Sweet peas are not subject to any planning regulations, but allotment plot holders should check their tenancy agreement if they intend to erect a permanent metal obelisk or a tall wooden frame, as some site rules restrict structures above a certain height. In a domestic garden, no permission is required for a sweet pea frame of any practical height.
| Item | Approximate cost (GBP) |
|---|---|
| Packet of sweet pea seeds (Spencer mixed or single variety) | £2.50–£4.50 |
| Root trainers (pack of 24 cells) | £6–£10 |
| Peat-free seed compost (10-litre bag) | £5–£8 |
| Bamboo canes 1.8 m (pack of 10) | £4–£7 |
| Garden twine | £2–£4 |
| High-potash liquid fertiliser (500 ml concentrate) | £6–£10 |
| Estimated total | £25–£43 |
Frequently asked questions
Is late March too late to sow sweet peas?
Late March is still a very productive sowing window for sweet peas. Plants sown now will typically flower from early to mid-July, around two to three weeks later than those sown in October or January, but they will flower just as prolifically. The key is to ensure the seedlings are grown in a cool, bright environment to prevent them becoming leggy before planting out in May.
Do sweet peas need full sun?
Sweet peas perform best in a position that receives at least six hours of direct sun per day. They will tolerate partial shade — particularly where the afternoon sun is the shaded period — but flowering is noticeably reduced in heavy shade. The roots, however, prefer to be cool and moist, which is why mulching the base of the plants in late May helps sustain flowering through the warmest weeks of summer.
Why are my sweet peas producing flowers with no scent?
Fragrance in sweet peas is strongly linked to variety: modern, brightly coloured types bred for disease resistance and large blooms can have very little scent, while old-fashioned and heritage varieties — particularly Matucana, Painted Lady, and most Spencer cultivars — are intensely fragrant. Temperature also affects scent: flowers cut in the cool of the morning carry significantly more fragrance than those picked in the afternoon heat. If your current plants are scentless, it is worth choosing a named fragrant variety for next year's sowing.
Can sweet peas be sown directly outdoors rather than indoors?
Direct sowing is possible from mid-April once the soil has warmed to at least 10°C, but the results are generally less reliable than starting indoors.

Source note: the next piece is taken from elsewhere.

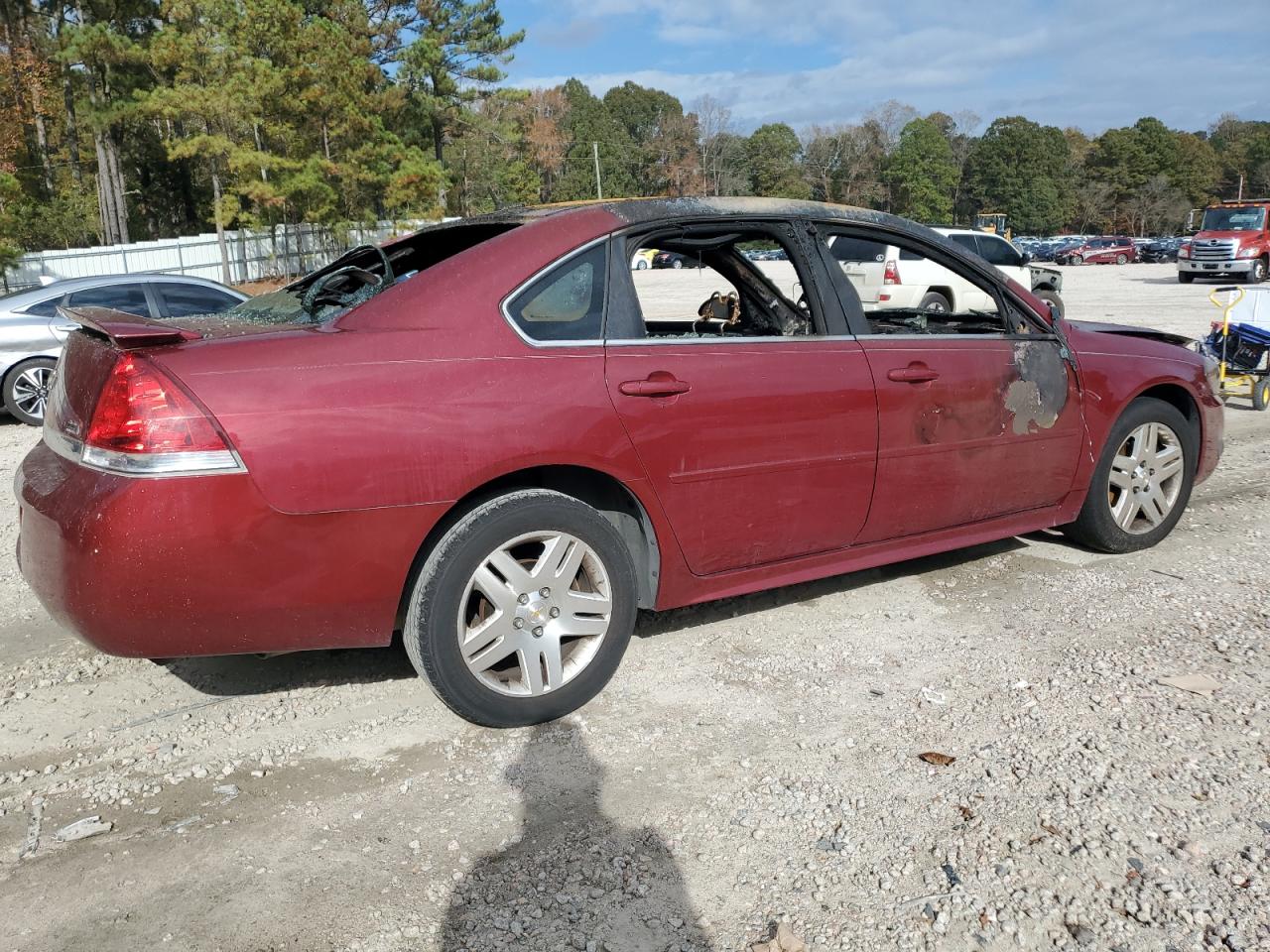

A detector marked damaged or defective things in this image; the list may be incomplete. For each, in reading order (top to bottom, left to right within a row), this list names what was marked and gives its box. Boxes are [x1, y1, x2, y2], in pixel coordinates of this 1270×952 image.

rusted metal patch [1005, 342, 1067, 436]
peeling paint [1005, 342, 1067, 436]
fire-damaged car body [10, 197, 1218, 726]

Slugs and mice find the large seeds attractive, germination is slower in cold soil, and the plants will flower considerably later — often not until August. Indoor sowing in root trainers, followed by careful hardening off, consistently produces earlier, stronger plants with more flowering stems.

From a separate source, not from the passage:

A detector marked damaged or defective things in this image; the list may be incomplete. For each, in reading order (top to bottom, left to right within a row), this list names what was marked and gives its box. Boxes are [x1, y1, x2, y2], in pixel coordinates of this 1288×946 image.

How do I stop my sweet peas from getting powdery mildew?
Powdery mildew on sweet peas is almost always triggered by fluctuating moisture levels — dry soil at the roots combined with humid air at the foliage. Consistent watering at ground level, good spacing between plants to allow airflow, and removing the lowest leaves once the plants are established all reduce the risk significantly. Avoid overhead watering in the evening. If mildew appears despite these measures, removing affected leaves promptly and applying a diluted sulphur-based fungicide in the early morning can limit its spread without affecting bees and other pollinators visiting the flowers.